Kairi detiene su paso en el aire y su ceño se frunce. Molesta voltea viendo a Isae sonriéndole burlona y mirándola déspota.

- Ya decía yo que olía a basura. –dice con desagrado y la rubia la fulmina con la mirada.

- Yo pensaba que eras una deformación de la naturaleza, pero ya veo que la naturaleza no tuvo toda la culpa… eres igualita a tu padre; ambos tienen esos feos dientes de tiburón y por lo que veo es tan idiota y perdedor como tú. –Isae le vuelve a sonreír burlona y Kairi frunce más el ceño.

- Al menos yo tengo un padre que me quiere y me cuida… ¿dónde está el tuyo? –Kairi la mira con superioridad, ella ha tocado un punto débil para ella: sus padres. Nadie los insulta y sale ileso. – ¡ah! ¡Ya se! Te abandono desde hace cuatro años porque seguro ni él mismo te soporta. –Kairi le sonríe de forma socarrona, disfrutando ver como ella borro su sonrisa, frunció el ceño y la mira furiosa. –No lo culpo… cualquiera huiría de ti, eres insoportable.

- ¡Mi padre esta de misión! –le grita furiosa.

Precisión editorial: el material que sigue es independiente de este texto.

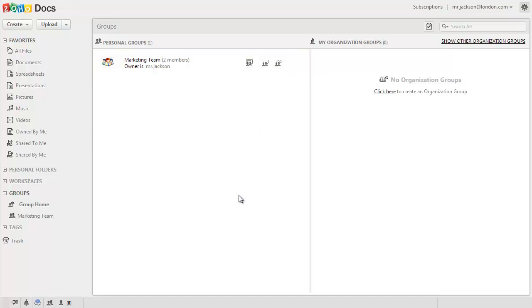To know more about the group's management, check out the link in this video description or send a mail to support at ZohoDocs.com.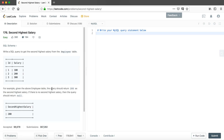Let's look at the question first. It asks us to write a SQL query to get the second highest salary from the employee table. This employee table has two columns: one is the ID column and the other is the salary column. For each ID we have a particular salary. We don't see any duplicates, which means the salary and ID are independent — there are no duplicate salaries or duplicate IDs.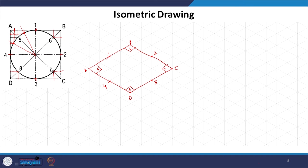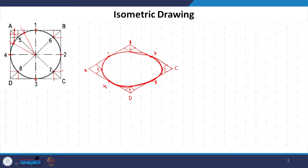Now we join all these points. We use French curves to join them together. The shape you get is an ellipse — a regular ellipse — which is what we see when drawing the isometric view of a circle. Suppose the circle was not parallel to the horizontal plane but was perpendicular to both planes. The same process applies.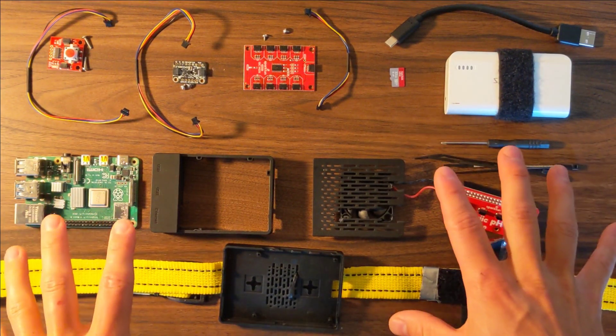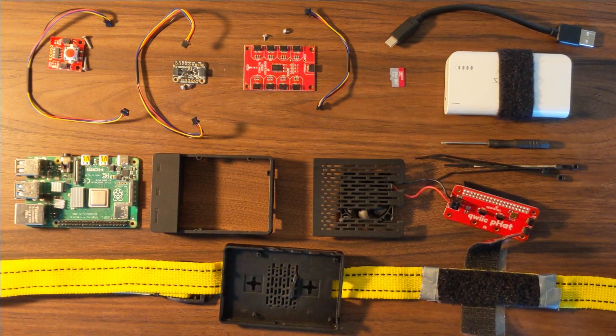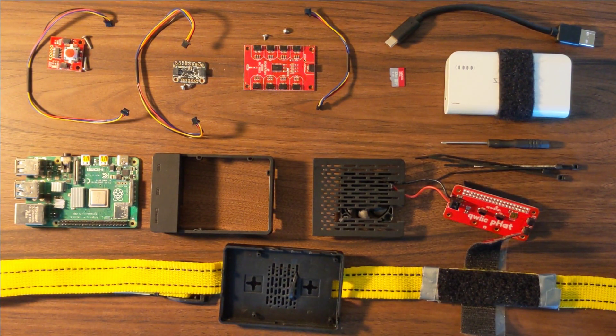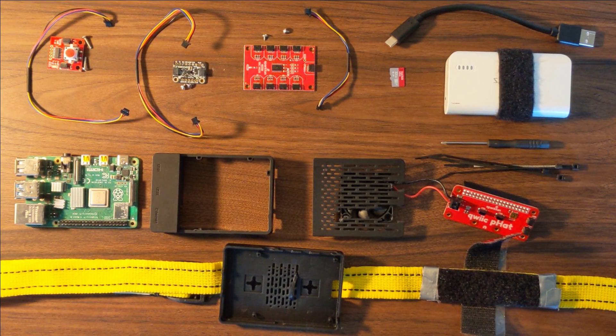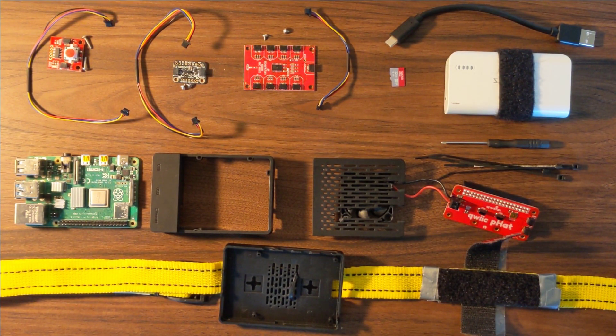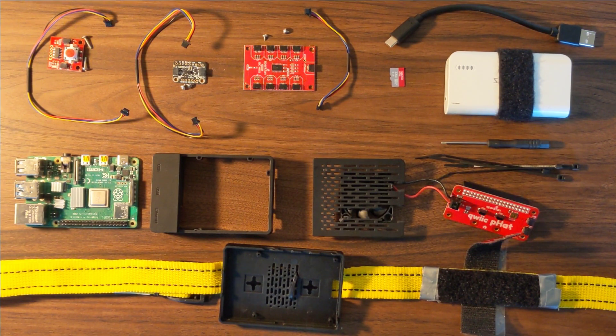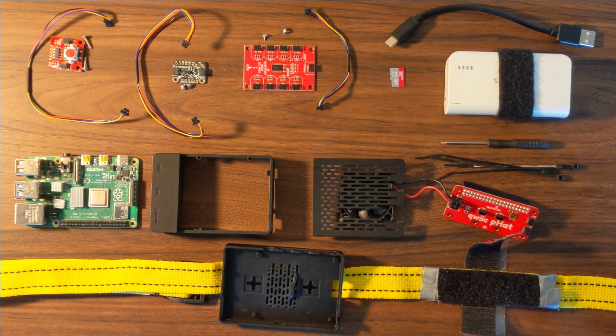We will be assembling the base of the real-time kinematic system. This consists of a bunch of different parts.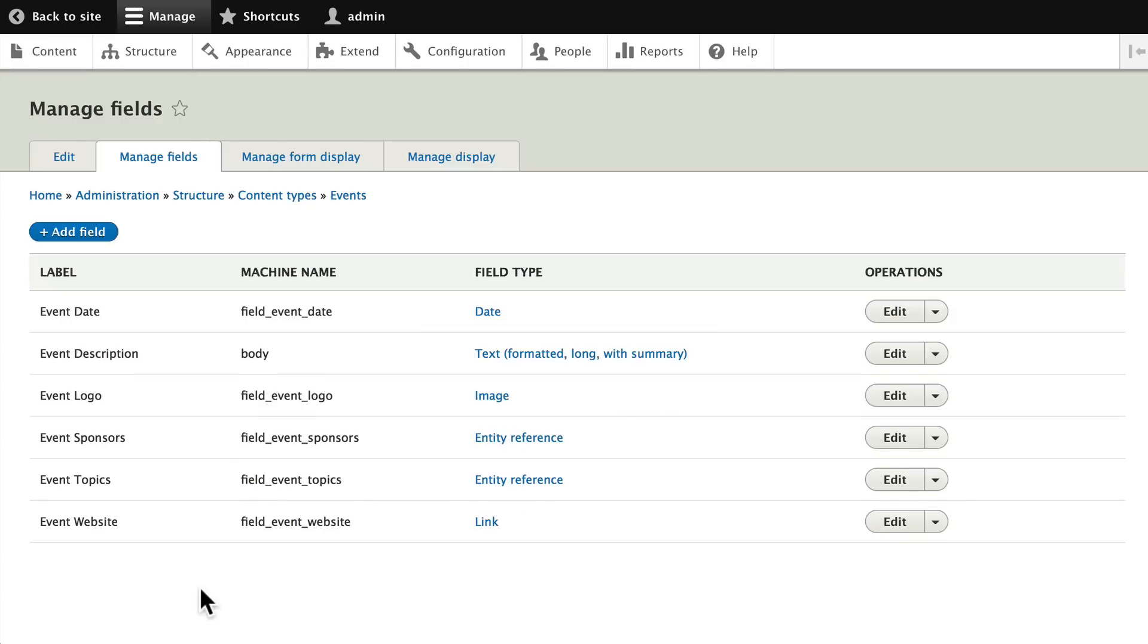There's one more step before we add content. We need to set up our URL patterns. And we normally do this before we add content, so the content we add has the correct human-friendly URL. And we'll do that in the next video.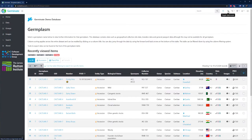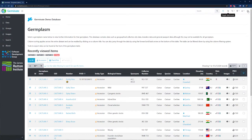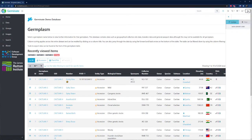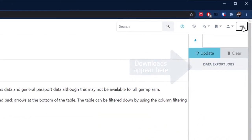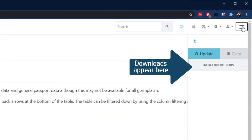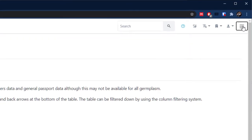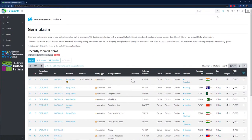Some of the exports that you can do with Germinate may take a couple of minutes to run, and Germinate now supports asynchronous downloads. This means you can request data then go and do something else with Germinate. When the data is ready, the interface will let you know and you can download the data from there. No more hanging about waiting on data.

- ¿Misión de cuatro años? ¿O te mintió o la alargo? No importa la razón, cualquiera apunta a que no quiere regresar a casa donde tiene una hija insoportable y estúpida. –Kairi amplía su sonrisa socarrona, haciéndola parecerse más a su padre.

- Idiota. –Isae de lo más digna pasa alado de ella, golpeándole el hombro en el proceso, pero a Kairi no le importo, supo que se la fregó. –Todo es culpa de mi padre que me abandono, por su culpa una perdedora me humillo… ¿Por qué Naruto-san no fue mi padre? Es Hokage, no un estúpido como mi padre… estúpida Kushina, estúpido Minato. Ellos son hijos del Hokage y yo soy hija de un simple ninja que solo sabe pintar. –Isae aprieta con más fuerza los puños, sintiendo más odio y rencor hacia su padre. —si yo fuera la hija del Hokage nadie se burlaría de mí, sé que todos piensan lo mismo que Kairi a mis espaldas, que mi padre me abandono, y es la verdad; él me abandono… Si yo fuera la hija del Hokage todos me preferirían a mí en vez de a Seiki, el Hokage es más poderoso que el comandante de policía Uchiha, y yo no soy una estúpida como Minato, todos me admirarían y respetarían por ser hija de Naruto-san, yo debería ser su hija, soy más digna que Kushina y Minato para serlo.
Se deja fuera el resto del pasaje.